Contaba mi madre que antes en la casa no se hacían festejos navideños. Lo del pino navideño y los obsequios no era lo que se usaba en los sectores campesinos. Más que nada, la fecha se remitía a una comida especial y a rezar por ese momento tan especial para el catolicismo, como es el nacimiento de Jesús, el hijo de Dios.

Sin embargo, todo eso cambió cuando mi hermano, que en entonces tenía unos cinco años (en mi caso, tenía solo dos años), fue al pueblo a buscar los regalos que se entregarían a todos los niños y niñas que llegara al estadio. Habría un Viejo Pascuero entregando los presentes envueltos en papel de regalo.
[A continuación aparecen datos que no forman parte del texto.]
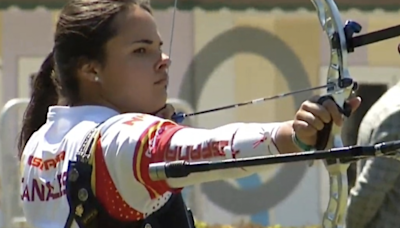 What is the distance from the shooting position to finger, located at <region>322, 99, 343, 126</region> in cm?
108

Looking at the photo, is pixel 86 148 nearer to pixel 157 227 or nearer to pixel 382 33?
pixel 157 227

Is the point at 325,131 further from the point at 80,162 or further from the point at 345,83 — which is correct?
the point at 80,162

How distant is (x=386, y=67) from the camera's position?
4832 mm

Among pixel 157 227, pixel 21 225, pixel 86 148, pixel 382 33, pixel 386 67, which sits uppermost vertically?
pixel 382 33

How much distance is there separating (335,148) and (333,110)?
0.04 meters

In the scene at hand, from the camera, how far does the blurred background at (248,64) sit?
4.52 meters

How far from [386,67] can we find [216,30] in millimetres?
826

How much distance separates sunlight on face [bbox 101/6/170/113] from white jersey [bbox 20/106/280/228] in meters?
0.04

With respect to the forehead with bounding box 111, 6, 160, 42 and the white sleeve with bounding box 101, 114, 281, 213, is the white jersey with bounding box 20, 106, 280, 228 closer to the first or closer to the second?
the white sleeve with bounding box 101, 114, 281, 213

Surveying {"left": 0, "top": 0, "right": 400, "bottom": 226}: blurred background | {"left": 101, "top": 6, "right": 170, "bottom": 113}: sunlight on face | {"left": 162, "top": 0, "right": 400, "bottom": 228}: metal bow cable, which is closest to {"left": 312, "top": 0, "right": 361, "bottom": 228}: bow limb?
{"left": 162, "top": 0, "right": 400, "bottom": 228}: metal bow cable

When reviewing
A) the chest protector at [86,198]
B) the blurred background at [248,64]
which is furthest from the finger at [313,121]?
the blurred background at [248,64]

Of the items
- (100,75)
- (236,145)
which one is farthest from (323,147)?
(100,75)

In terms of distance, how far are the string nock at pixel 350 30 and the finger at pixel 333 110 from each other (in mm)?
225

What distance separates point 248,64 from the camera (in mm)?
4750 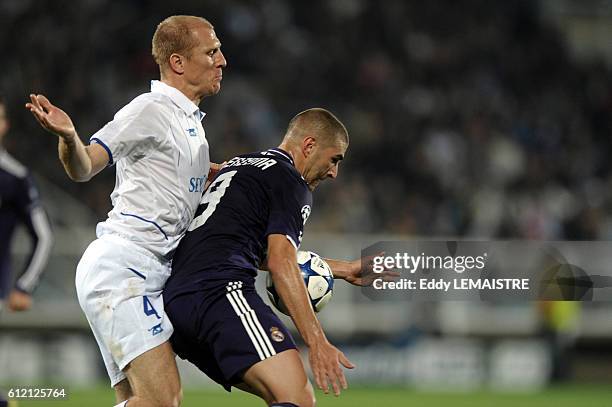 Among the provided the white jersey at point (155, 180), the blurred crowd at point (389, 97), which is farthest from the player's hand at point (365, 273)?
the blurred crowd at point (389, 97)

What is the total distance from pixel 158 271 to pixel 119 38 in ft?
36.0

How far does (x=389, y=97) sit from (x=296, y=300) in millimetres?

También muchas bebidas y sandwichs de pan con mortadela y mantequilla.

Pero mi hermano volvió a la casa ese día de diciembre con sus manos vacías. Aunque lo intentó, era demasiado pequeño para tratar de alcanzar alguno de los obsequios que se entregaron en esa jornada.  Habían otros niños más grandes y más entusiastas que pudieron recibir su regalo. Pero él no. Seguramente no fue el único pero a mi madre se le partió el corazón cuando lo vio llegar todo descorazonado. Por eso, desde aquella vez que celebró la Navidad, aunque fuera un festejo muy modesto, algo se haría. Y habría regalos y pino de Navidad.

Esa primera vez solo se podía contar con un pino, uno natural, que se cortaba en alguna de las tantas plantaciones cercanas. Ese aroma envolvía la casa durante todo diciembre.

Lo demás fue fruto de ingenio. La falta de adornos navideños se suplió con caramelos de papel brillante que pendieron de las ramas con hilo de coser. La estrella de Belén fue hecha a mano y se colocó en la punta del pino. Se complementó con pelotitas de algodón hechas a mano. Esa la Nochebuena hubo una comida especial. No sé qué hubo de regalo pero mi mamá algo hizo.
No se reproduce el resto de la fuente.